# i want to make a knife. bare with me.



## Ration-AL (Apr 18, 2012)

been looking around for a special knife that i want but cannot find anywhere for the life of me and am wondering how hard/expensive it would be for me to make my own.

i have access to a machine shop with all of the mills,lathes, lazer/water/plasma cutters and tools a man will ever need, what i want to do is make a drawing of the knife i want and get it made in the shop sans-edge and then take the blank to a knife maker and get an edge put on it...will a knife maker do this? what is the "trick" to making a knife? thickness taper? what can i do take make his job easier?

or is the minimal price difference between him making the whole thing and putting an edge on my blank so small i should just have him do the whole thing?

i get materials cheap and machining/welding/coating for trade in beer/booze.

what I'm looking for and correct me on my terminology if I'm wrong as I'm not a knife guy, i just know what i want.

is a "reverse blade"- "d guard"- "bowie" knife kind of like this...but meaner and a bigger guard, lol


----------



## md1911 (Feb 9, 2012)

Heat treating the blade (temper). Is what makes a knife hold a edge. The carbon content for a good knife is important. The higher the carbon the harder the blade can be made. 
The drawback is the more carbon and temper you use the more britel the medel becomes. Before you start I would sugest you find a reputable knife maker around your area, or some one you want to use. Ask them about price. 
I have made a couple knives and would not put a temper on a blade I didn't make. Some knife makers will though. 
1. Start with good high carbon steel. (I use old saw mill blades). 
2. What are you making it for hacking like a machettie. Or just cutting? (This will help determin the thickness the blade needs to be.) Also if its for hacking you don't want much temper. Hope I was some help. 

speak softley and carry a big stick


----------



## md1911 (Feb 9, 2012)

This is one I made from a sawmill saw. Deerhorn handle.

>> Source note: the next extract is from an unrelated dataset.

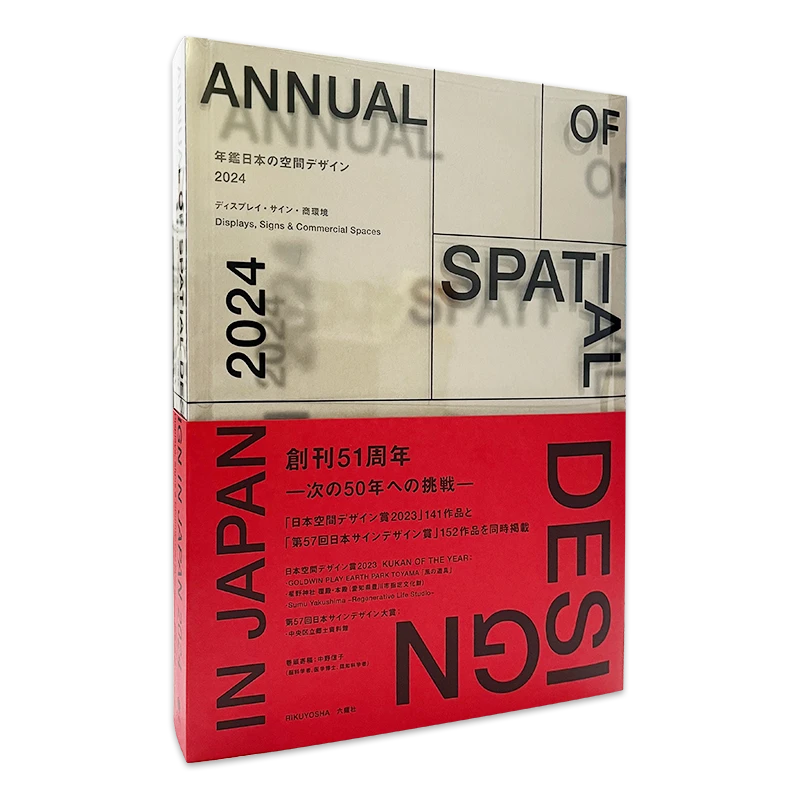 日本空间设计年鉴 2024  Displays 51周年 展览展示室内空间设计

speak softley and carry a big stick


----------



## Ration-AL (Apr 18, 2012)

md1911 said:


> Heat treating the blade (temper). Is what makes a knife hold a edge. The carbon content for a good knife is important. The higher the carbon the harder the blade can be made.
> The drawback is the more carbon and temper you use the more britel the medel becomes. Before you start I would sugest you find a reputable knife maker around your area, or some one you want to use. Ask them about price.
> I have made a couple knives and would not put a temper on a blade I didn't make. Some knife makers will though.
> 1. Start with good high carbon steel. (I use old saw mill blades).
> ...


yeah I've been reading about the steel types, looking at D2/A2/01/440c or possible this stuff
http://www.knifeart.com/talbychucbyb.html

i plan on handing the guy something that looks like this








or this









but in the shape i want, basically i want to just cut the shape from the steel on one of our waterjet machines and let the knife maker do the "ART" part of the knife making, i just don't know enough about knife making to know if it works like that, you mention tempering, i wasn't planning on doing that bit, just basically handing the guy a blank...


----------



## Ration-AL (Apr 18, 2012)

md1911 said:


> This is one I made from a sawmill saw. Deerhorn handle.
> 
> View attachment 2172
> 
> ...


nice! magnus is making me want to get into this more and that pics helps to haha, i'm also looking into how to put an edge on things and such, i've made plenty of sharp parts of steel before by accident i just hop i can do it on purpose and do it as to where it'll hold an edge, haha


----------



## md1911 (Feb 9, 2012)

If you start with good metel then the knife maker should be able to do the rest. Good luck I enjoy making knifes.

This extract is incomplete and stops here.